SirCranksalot Posted April 1, 2016 Report Posted April 1, 2016 16 logical reasons why some men have dogs instead of wifes 1. The later you are, the more excited your dog is to see you. 2. Dogs don't notice if you call them by another dog's name. 3. Dogs like it if you leave lots of things on the floor. 4. Dogs' parents never visit. 5. Dogs agree that you have to raise your voice to get your point across. 6. You never have to wait for a dog; they're ready to go, instantly, 24 hours a day. 7. Dogs find you amusing when you're drunk. 8. Dogs like to go hunting and fishing. 9. Dogs won't wake you up at night to ask: "If I died, would you get another dog?" 10. If a dog has babies, you can put an ad in the paper and sell 'em. 11. When you drop a silent one, dogs don't run around frantically with room spray. 13. Dogs never tell you to stop scratching your crotch. Instead, they sit pondering why you don't lick it. 14. Dogs will let you put a studded collar on, without calling you a pervert. 15. If a dog smells another dog on you, it won't kick you in the crotch; it just finds it interesting. And last, but not least: 16. If a dog runs off and leaves you, it won't take half your stuff. To verify these statements: Lock your wife and your dog in the garage for an hour. Then open the door, and observe who's happy to see you!

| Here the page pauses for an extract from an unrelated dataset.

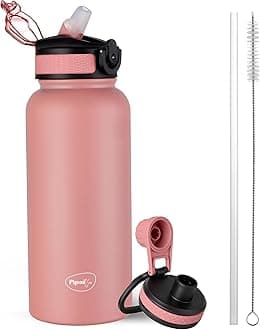 by Stovekraft Rush Thermos Stainless Steel Sipper Flask 1000ml with Straw,Cleaner and Additional Screw Cap| 24 Hours Hot and Cold|Ideal Usage for Office Men/Women|School/College|Travel|Pink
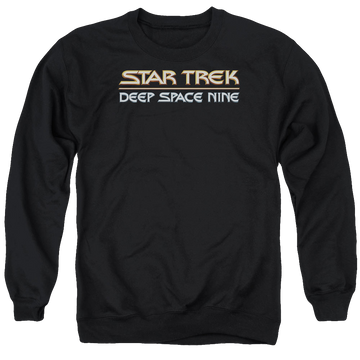 Black men's crewneck sweatshirt with Star Trek Deep Space Nine Deep Space Nine Logo graphic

mukluk Posted April 1, 2016 Report Posted April 1, 2016 Not sure what you should do. If you get married; the wife will not likely lift her leg and pee on your couch or take a crap on the floor. Just sayin'.
Old Ironmaker Posted April 1, 2016 Report Posted April 1, 2016 (edited) Not sure what you should do. If you get married; the wife will not likely lift her leg and pee on your couch or take a crap on the floor. Just sayin'. You should have seen some of the dog's I dated. That's a good one SirCranks. I'm airmailing it to my wife as well as my girl friend. edit: They are one in the same. Edited April 1, 2016 by Old Ironmaker
NAW Posted April 2, 2016 Report Posted April 2, 2016 Amazing! Been separated almost 2 years now and got a good chuckle out of that..! Except for the fact that my x-wife got our dog in the divorse....
GBW Posted April 2, 2016 Report Posted April 2, 2016 (edited) Amazing! Except for the fact that my x-wife got our dog in the divorse.... Same and same... Edited April 2, 2016 by GBW
wormdunker Posted April 2, 2016 Report Posted April 2, 2016 Friggen hilarious! I gotta show this to my wife.
fishindevil Posted April 2, 2016 Report Posted April 2, 2016 Just get a dog and a nice boat !!!! If you get married she already gets both !!! Lol
sleepjigging Posted April 5, 2016 Report Posted April 5, 2016 Statistically your dog will outlive your marriage.